Bye, Bye Karzai: Despite the Dangers Afghans Vote Karzai Out of a Dozen Years in Power

Screenshot 2014-04-05 at 6.44.03 AMBraving cold, rain and threats of Taliban attacks, Afghans gathered in long lines at polling places Saturday to cast their ballots to choose the successor to President Hamid Karzai.

If successful, the election will mark the first time Afghans have changed their leader at the polls in modern history, bringing to an end Mr. Karzai’s dozen years in power.

No one expected a quick result, however; with three leading candidates likely to divide up the vote, none was expected to get the necessary 50 percent to win on Saturday, and a runoff election was almost certain; it would likely be held no sooner than May 28, continuing Mr. Karzai’s time in office for another two months at least. Even partial official results were not expected for a week.

With eight candidates in the race, the five minor candidates’ shares of the vote made it even more difficult for any one candidate to reach the 50 percent threshold.

The top three vote-getters are expected to be Ashraf Ghani, 64, a technocrat and former official in Mr. Karzai’s government; Abdullah Abdullah, 53, a former foreign minister who was the second biggest vote-getter against Mr. Karzai in the 2009 election; and Zalmay Rassoul, 70, another former foreign minister, who is the only major candidate with a woman on his ticket as vice-presidential candidate, Habiba Sarobi. Polls showed Mr. Abdullah and Mr. Ghani in the lead, but polling in Afghanistan is notoriously unreliable.

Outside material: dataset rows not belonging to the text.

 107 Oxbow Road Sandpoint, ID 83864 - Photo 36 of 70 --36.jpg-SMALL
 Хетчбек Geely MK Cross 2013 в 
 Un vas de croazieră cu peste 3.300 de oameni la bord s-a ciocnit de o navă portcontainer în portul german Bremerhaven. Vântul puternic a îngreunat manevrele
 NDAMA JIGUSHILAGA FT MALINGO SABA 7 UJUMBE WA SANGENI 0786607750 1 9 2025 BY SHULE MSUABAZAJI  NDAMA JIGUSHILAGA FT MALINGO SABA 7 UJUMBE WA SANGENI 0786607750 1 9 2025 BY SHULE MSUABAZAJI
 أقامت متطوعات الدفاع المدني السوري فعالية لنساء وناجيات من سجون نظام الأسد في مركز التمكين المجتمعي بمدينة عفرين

Early in the day, in a high school near the presidential palace, an emotional Mr. Karzai cast his own vote for his successor. “I as a citizen of Afghanistan did this with happiness and pride,” he said afterward.

The streets of the capital were almost entirely devoid of traffic, except for members of the police force and the military, who manned checkpoints every few hundred feet and searched nearly everyone passing by.

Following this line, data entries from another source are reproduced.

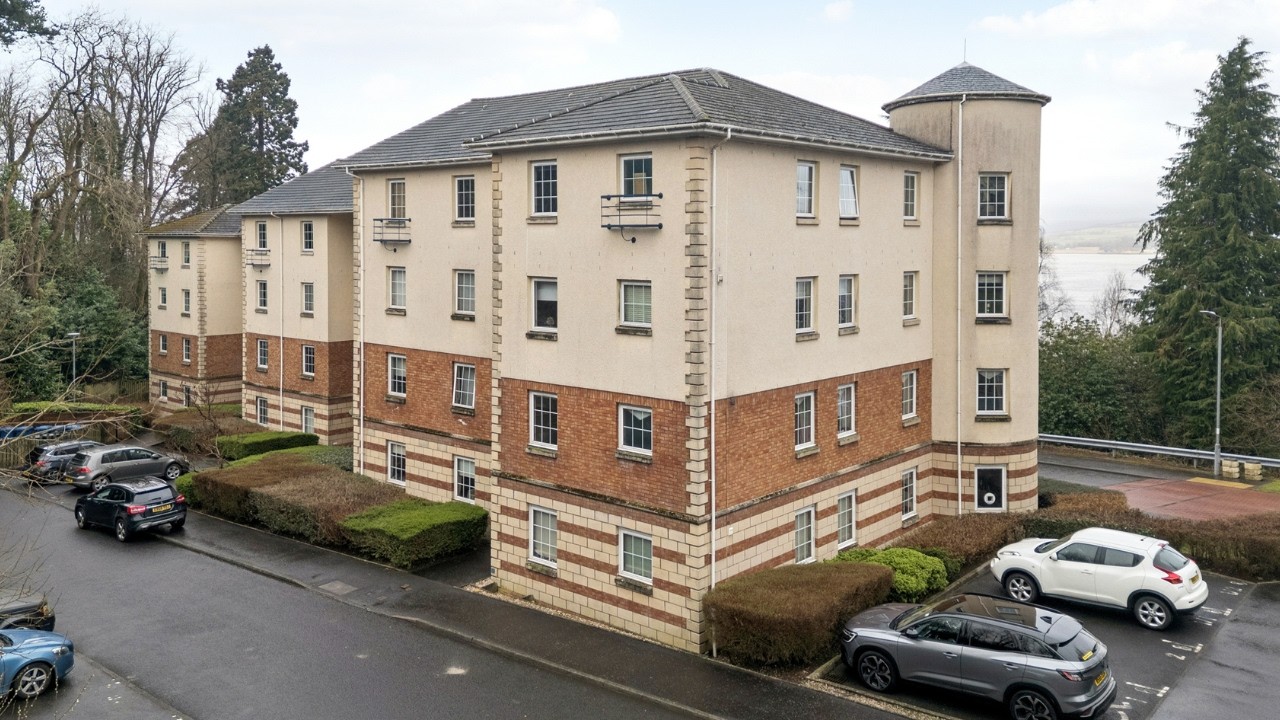 1/1, 2 Silver Birch Wynd, Port Glasgow, PA14 6QY
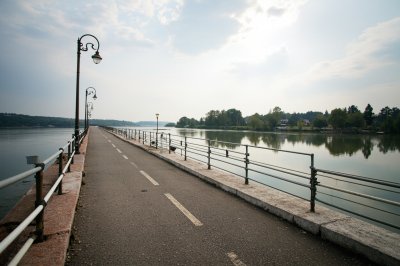 AI-generated travel thumbnail for Comuna Frumuşiţa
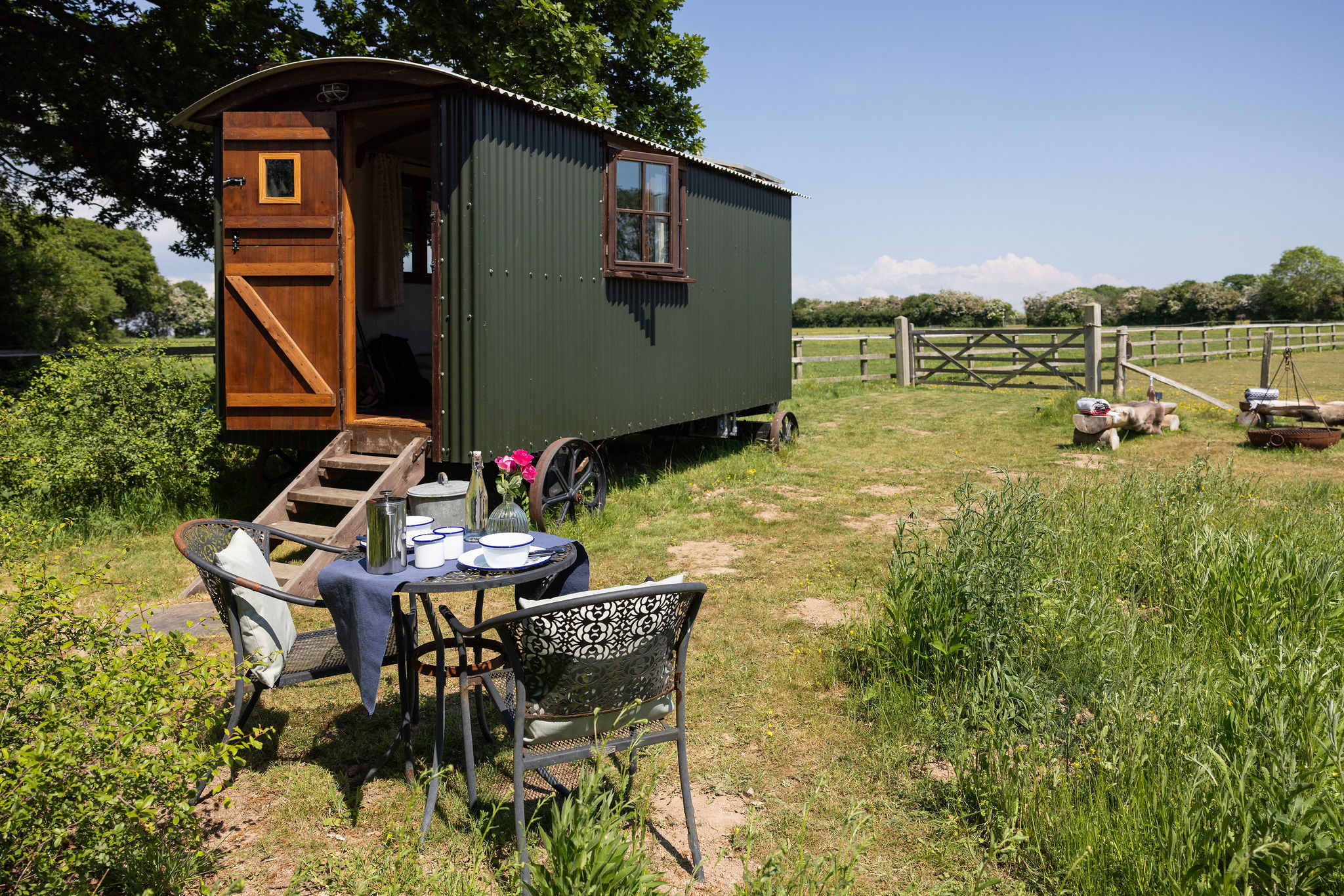 Harbour Ranch Hut – Rustic Countryside Escape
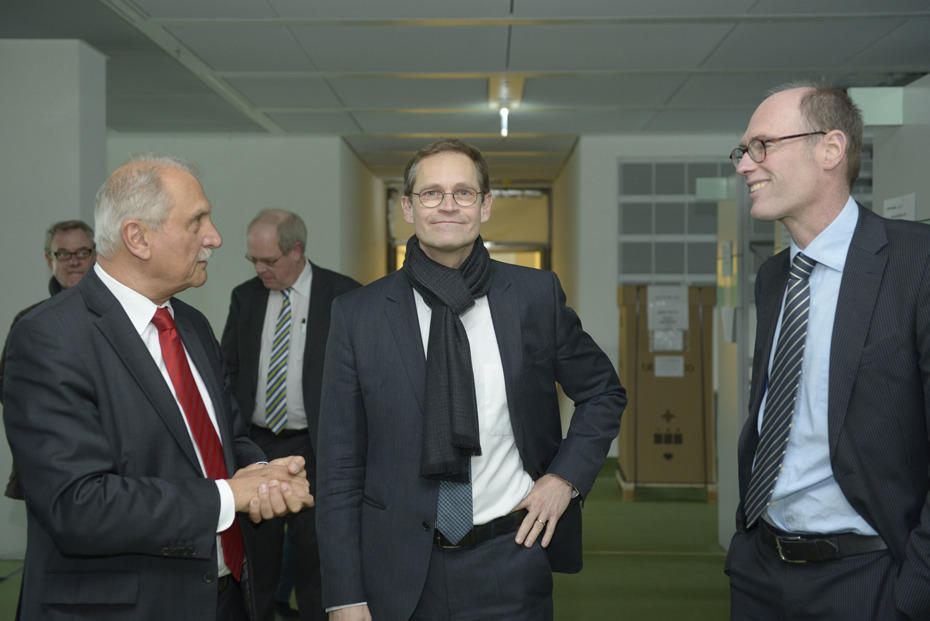 Unter anderem führten Professor Peter-André Alt (re.) und Kanzler Peter Lange (li.) den Regierenden Bürgermeister Michael Müller durch den Neubau für die kleinen Fächer und die neue Campusbibliothek.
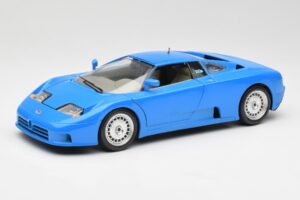 Bugatti EB110 Kék Bburago 1:18 3035 Fém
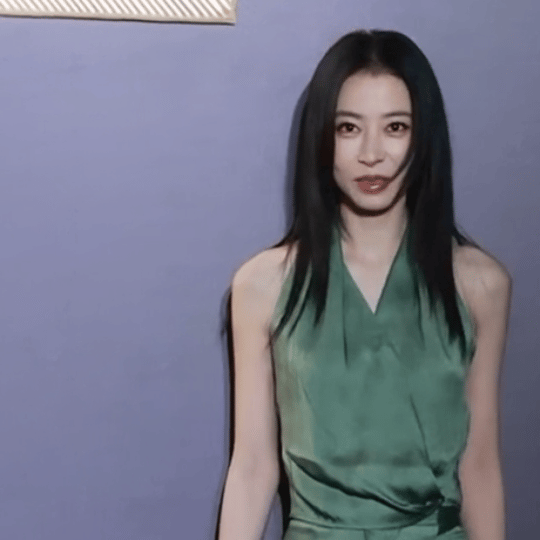 周雨彤挂脖绿裙 周雨彤T风格论坛活动生图 生图杀手名不虚传！挂脖设计把肩颈线条衬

Most people walked to vote. Long lines had already formed when polls opened at 7 a.m. in a heavy rain in Kabul.

“People have realized that electing the president is far more important than standing in the rain,” said one voter, Abdullah Abdullah, 24, who had the same name as the candidate he said he was planning to vote for at a Kabul high school polling place.

“Whenever there has been a new king or president, it has been accompanied by death and violence,” said Abdul Wakil Amiri, an attorney who turned out early to vote at a Kabul mosque. “For the first time, we are experiencing democracy.”

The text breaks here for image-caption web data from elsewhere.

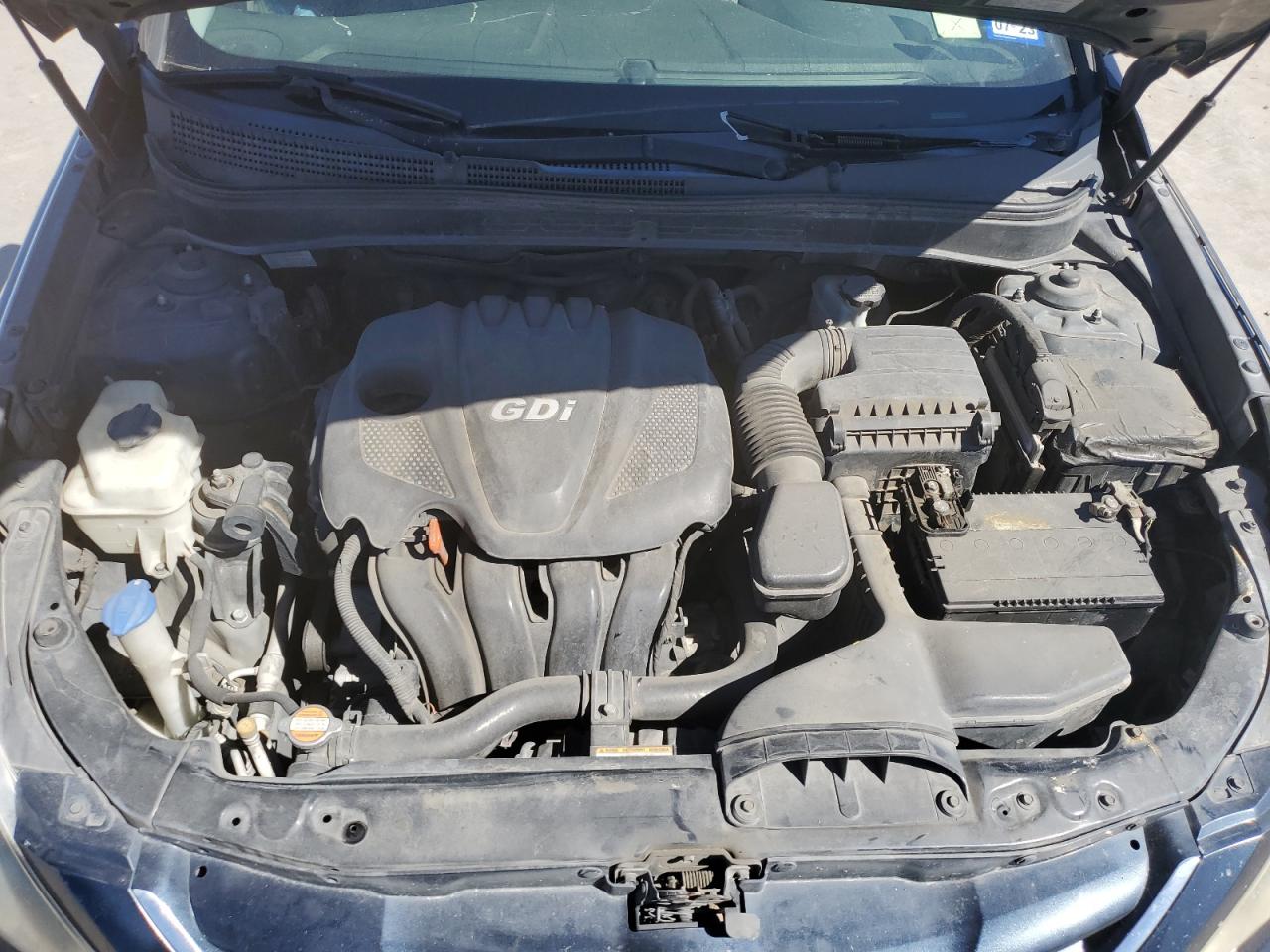 HYUNDAI SONATA 2011 — 12
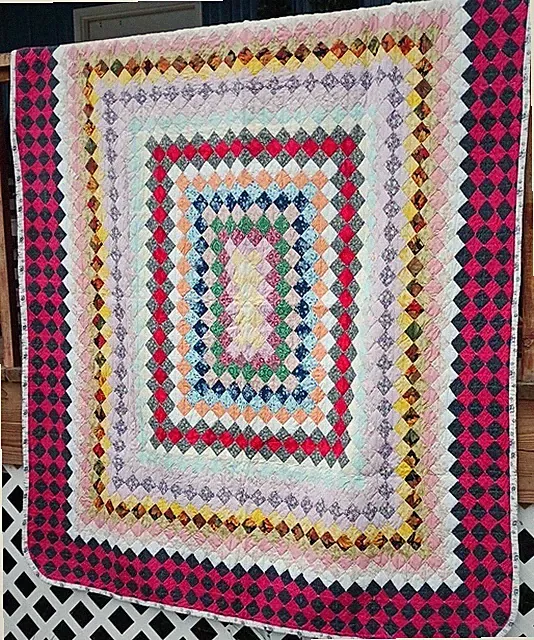Handquilted Patchwork Quilt Colorful 64x76 Lap Throw Twin Size
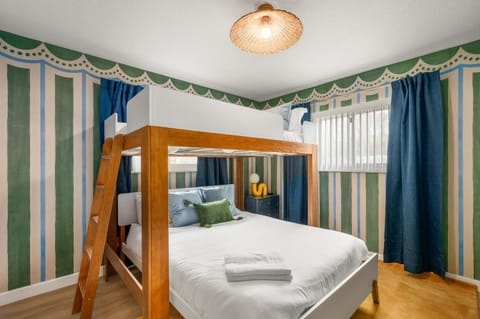 Sleeps 16 Heated Pool Villa Just 8Mi from Clearwater Beach House in Largo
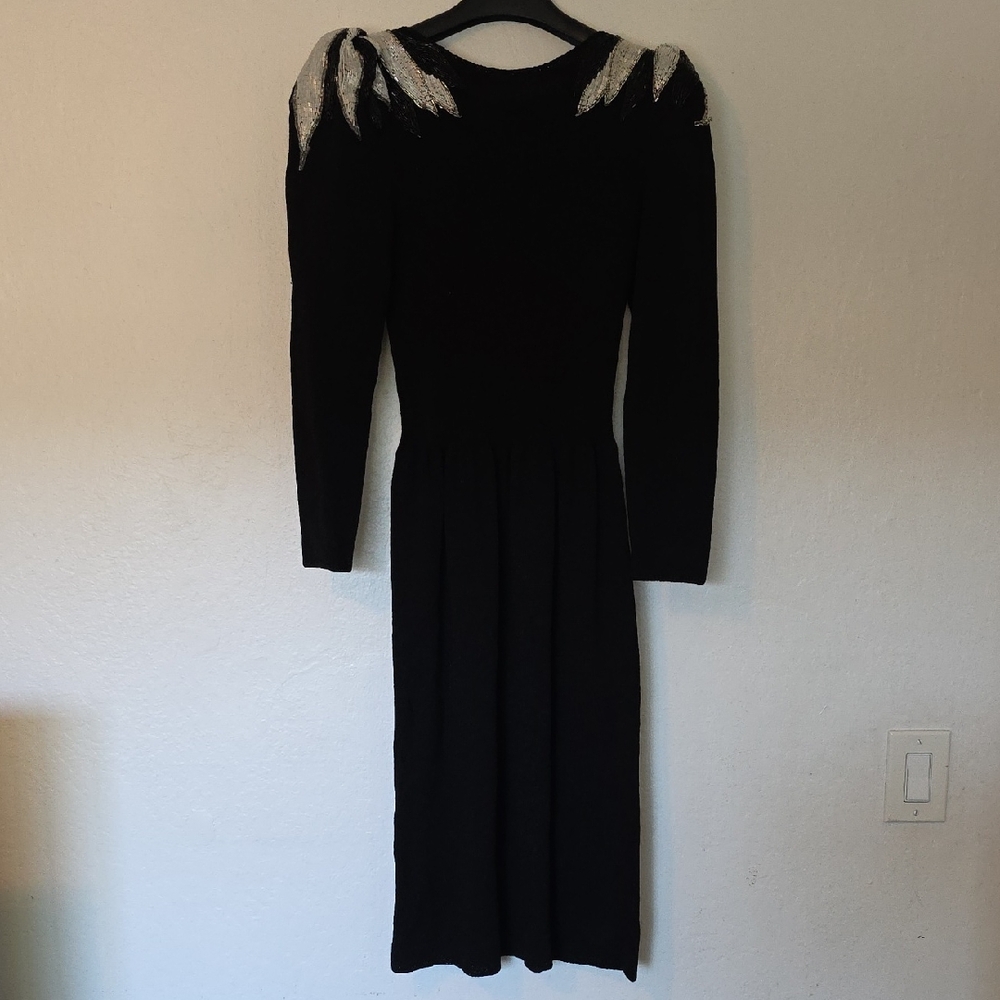 Elegant Black Cocktail Dress with Puff Sleeves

To provide security for the voting, the Afghan government mobilized its entire military and police forces, some 350,000 in all, backed up by 53,000 NATO coalition troops – although the Americans and their allies planned to not get directly involved except in case of an extreme emergency.

Authorities did not expect that, however, as the level of violence in the months leading to the voting was much lower than before the last presidential election. This time, the Afghan security forces are nearly twice as large, and the election is being held before the traditional start of the fighting season, both factors that have reduced violence by anywhere from 9 to 25 percent compared to the pre-election period in 2009, according to United Nations officials.

A series of high-profile attacks on foreigners, including the murder of an Associated Press photographer and the wounding of her colleague, created an impression of greater violence, but were also indications that the insurgents did not have as much capacity to strike forcefully during this campaign. They did not manage a single major attack on any campaign event, for instance, and two attacks on the Independent Election Commission had little direct effect on the voting.

In the days before the voting, only one policeman was killed in attacks on convoys of election officials delivering materials, in Logar Province, according to the Afghan military. On election day, a bomb set off at a polling place in Mohammad Agha district of Logar injured four voters, while in Baraki Barak district voters complained that Taliban were in the streets preventing people from voting, Afghan officials said.

Even before the voting began, the authorities had already closed 750 polling centers, just over 10 percent of the total, because of security concerns, and there were fears more would be closed on election day. Just how many would likely be a key issue in the aftermath of the voting, especially if closures were seen as disenfranchising one ethnic group over another.

Along with the threat of violence, the legacy of fraud from past elections cast a long shadow over Saturday’s voting. Authorities have gone to unusual extremes to try to guarantee an election at least credible enough to satisfy international donors, who have pledged to continue supporting Afghanistan with billions of dollars in aid, but want to be assured of an election free of the sort of widespread fraud that discredited the 2009 voting.